Już w czwartek (24.12) w całej Polsce ruszyła akcja pod kryptonimem „Bezpieczny weekend”. Był to dzień o największym obserwowanym natężeniu ruchu, szczególnie przy trasach wylotowych z większych miast. Tysiące policjantów ruchu drogowego czuwało nad bezpieczeństwem podróżujących. Głównie sprawdzana była przez funkcjonariuszy trzeźwość oraz prędkość z jaką poruszali się kierowcy, stan techniczny pojazdów i to czy wszyscy w samochodach mają zapięte pasy bezpieczeństwa, a dzieci są przewożone w fotelikach.
Jak podkreślali policjanci Biura Ruchu Drogowego KGP święta Bożego Narodzenia to okres, w którym po polskich drogach poruszają się całe rodziny – i to właśnie często całe rodziny są uczestnikami wypadków.
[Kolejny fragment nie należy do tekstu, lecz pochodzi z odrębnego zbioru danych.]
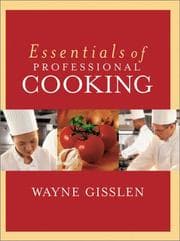 Tapa de Essentials of professional cooking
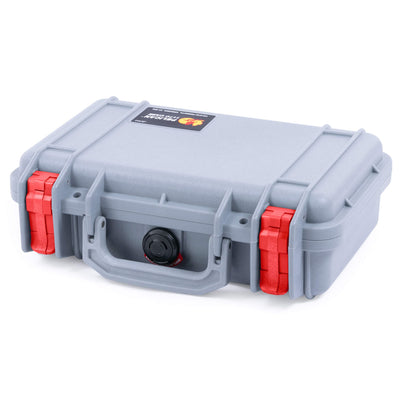 Pelican 1170 Case, Silver with Red Latches ColorCase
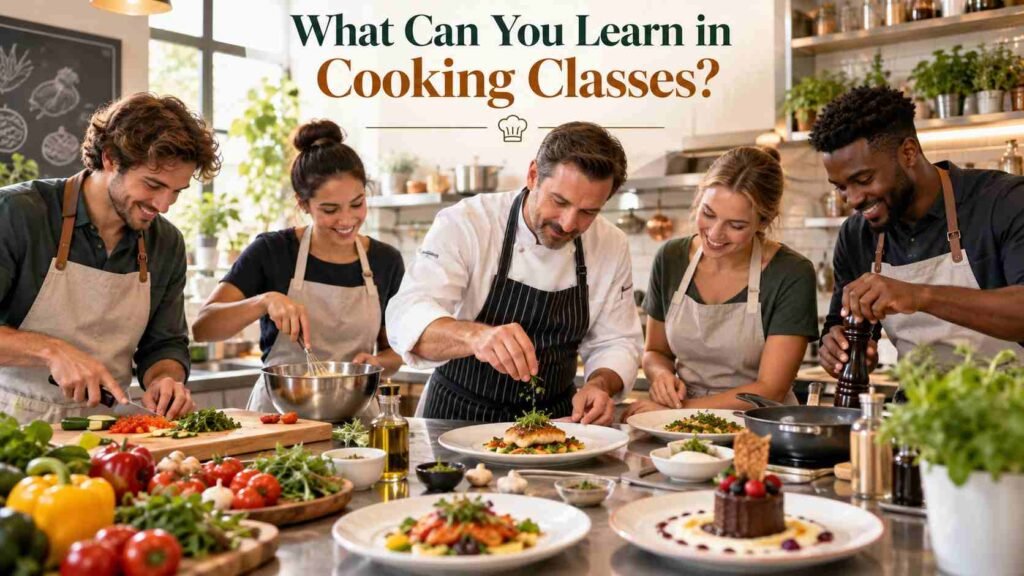 what can you learn in cooking classes?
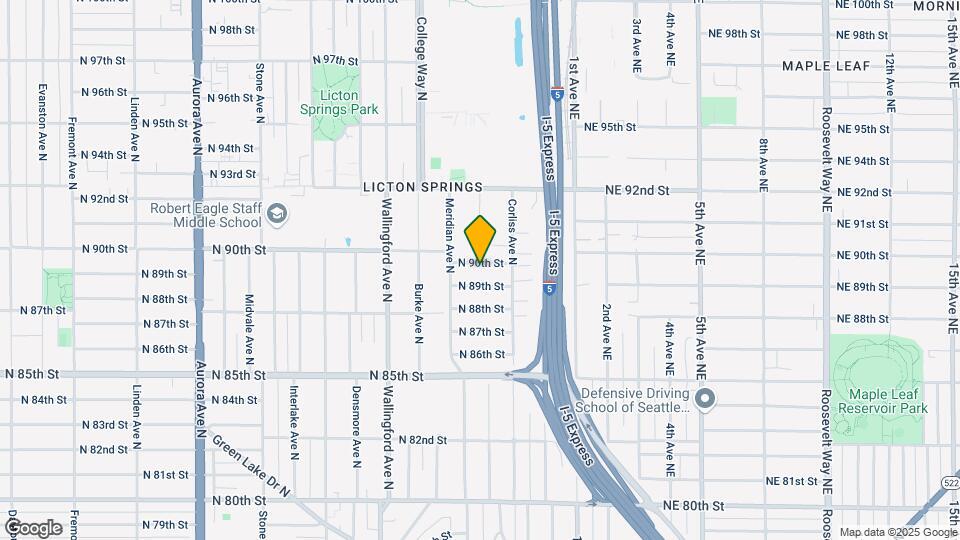 2129 N 90th St Map and Location Details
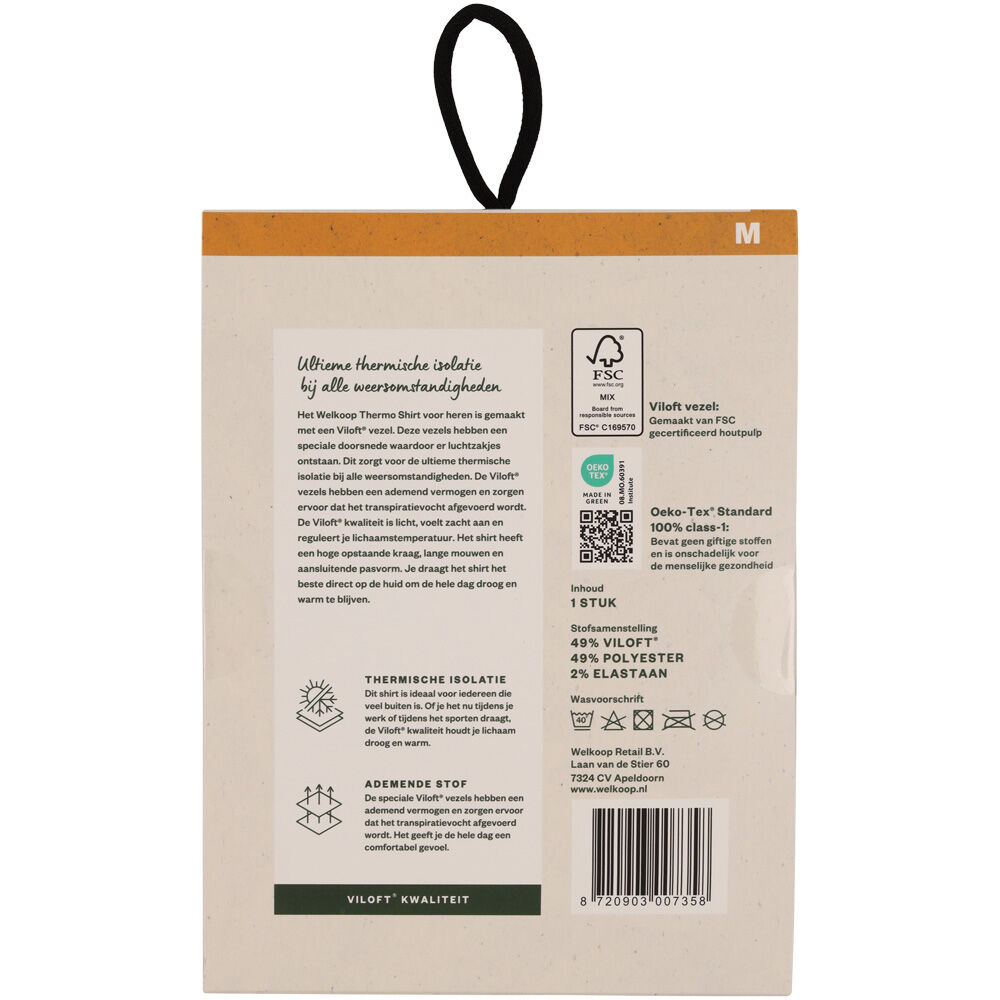 Welkoop - Thermoshirt - Antraciet - M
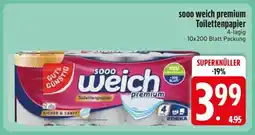 Edeka sooo weich premium Toilettenpapier Angebot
Dlatego tak ważne jest podejmowanie działań prewencyjnych, aby zminimalizować ilość zdarzeń drogowych i wyeliminować pijanych kierowców. Akcja „Bezpieczny weekend” potrwała do niedzieli (27.12) i jak zauważyli policjanci w tym czasie zdarzyło się mniej wypadków, było mniej osób zabitych i rannych. Za to zatrzymano więcej niż rok temu kierowców na podwójnym gazie.
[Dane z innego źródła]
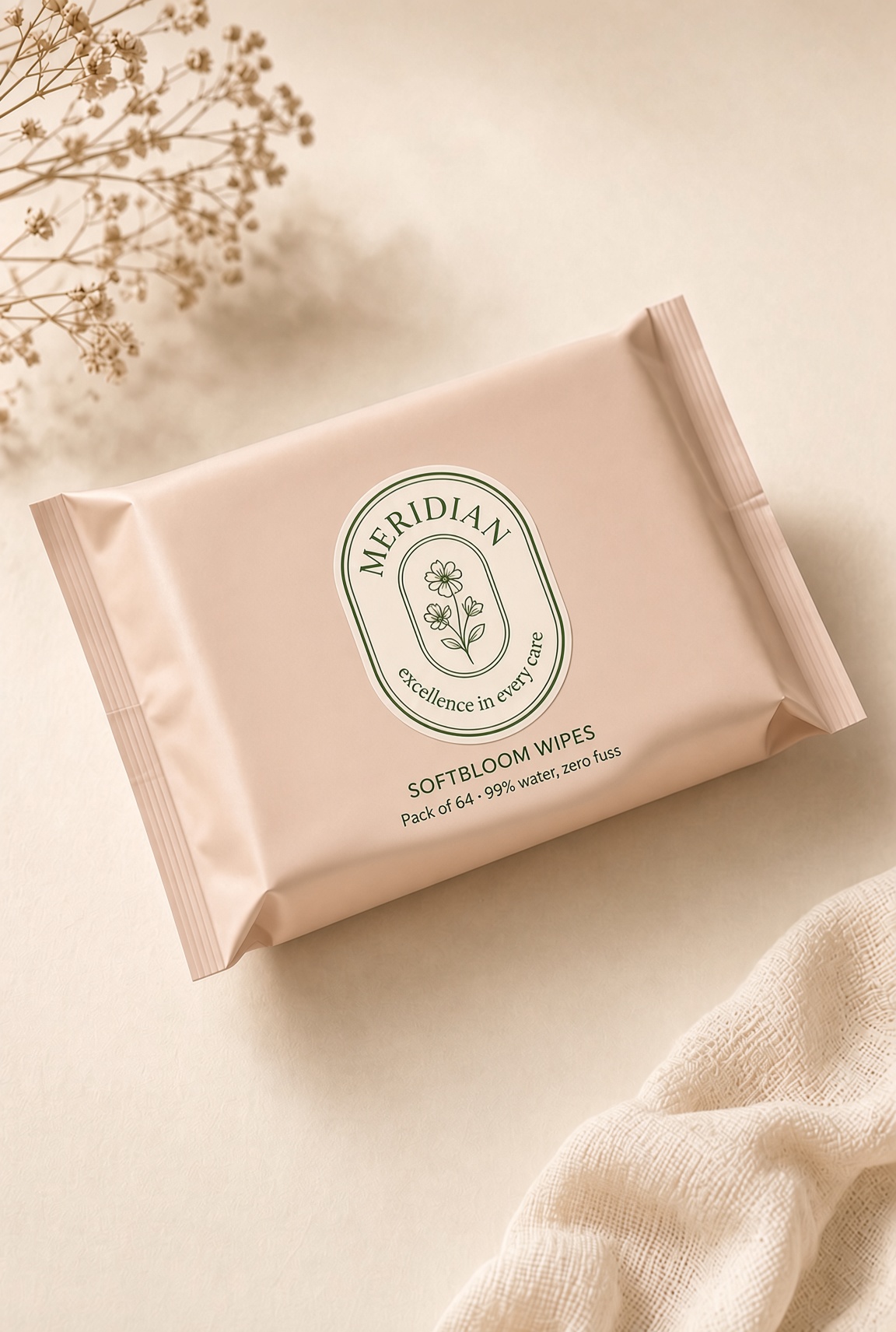 Softbloom Wipes by Meridian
W ciągu tego przedłużonego weekendu doszło w sumie do 251 wypadków, w których śmierć poniosło 36 osób, a 338 zostało rannych. Z statystyk policjantów ruchu drogowego wynika, że do najczęstszymi przyczynami wypadków była nadmierna prędkość, wyprzedzanie na trzeciego i nieustąpienie pierwszeństwa przejazdu. To co również jest bardzo niepokojące to fakt, że z 36 osób, które zginęły w wypadkach 16 to piesi. Być może, gdyby te osoby miały na sobie elementy odblaskowe, tych tragicznych w skutkach zdarzeń można by uniknąć. Niestety nie obyło się także bez pijaków za kierownicą. W sumie funkcjonariusze zatrzymali 951 nietrzeźwych kierujących. Należy pamiętać, że nawet niewielka dawka alkoholu we krwi obniża koncentracje i refleks. Nie ma wytłumaczenia dla osób, które z promilami wsiadają za kierownicę.